The BBC’s Blair and Brown: The New Labour Revolution is both compelling and chastening

These films handle New Labour’s early dynamism with dexterity.

By Rachel Cooke

At first sight, the BBC’s series Blair and Brown: the New Labour Revolution would appear to prove the adage that when ambition ends, happiness begins. Peter Mandelson purrs. Ed Balls beams. The air around Neil Kinnock is more redolent of something spicy by Jo Malone than of fire and brimstone. Give it time, though. Some are more peaceable than others. Before the first episode is over, Gordon Brown will indeed utter the words “it could have been me”, as if politics is just another reality show, and he has still not got over the fact that in the public vote, he lost out to a guy with too many teeth.

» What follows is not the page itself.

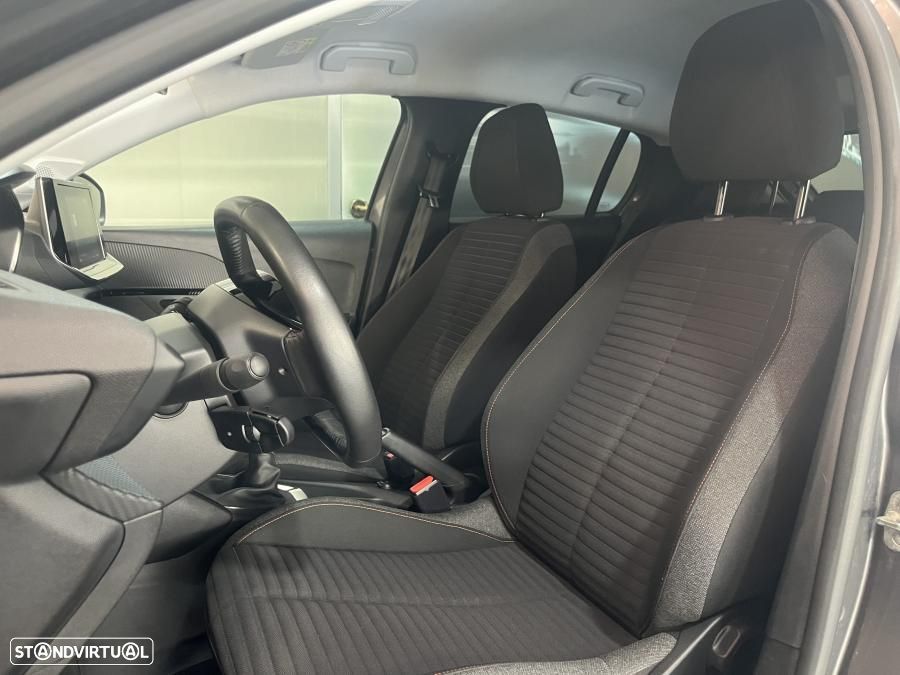 Peugeot 208 1.2 PureTech Active Pack - 13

Tony Blair’s multitudinous incisors, incidentally, continue to mesmerise, though perhaps not quite so much as when they were matched with snow-washed jeans and the kind of political enthusiasm that can only come from not having grown up with the knot of vipers that is the Labour Party. Why, you wonder, did he want to get into politics at all? He presents his epiphany as architecture-induced. Visiting the Palace of Westminster, he gazed at the arches of Central Lobby and… boom! “I’ve got to be here,” he thought. But ambition was soon on the march: sly, fatally incremental, impossible to silence. When Brown decided not to run against John Smith for the leadership in 1992, the scenery, as Mandelson put it, “shifted in Tony’s head”. The spear-bearer now hankered to be the leading man. Quick, fetch the panstick and that gold-trimmed toga.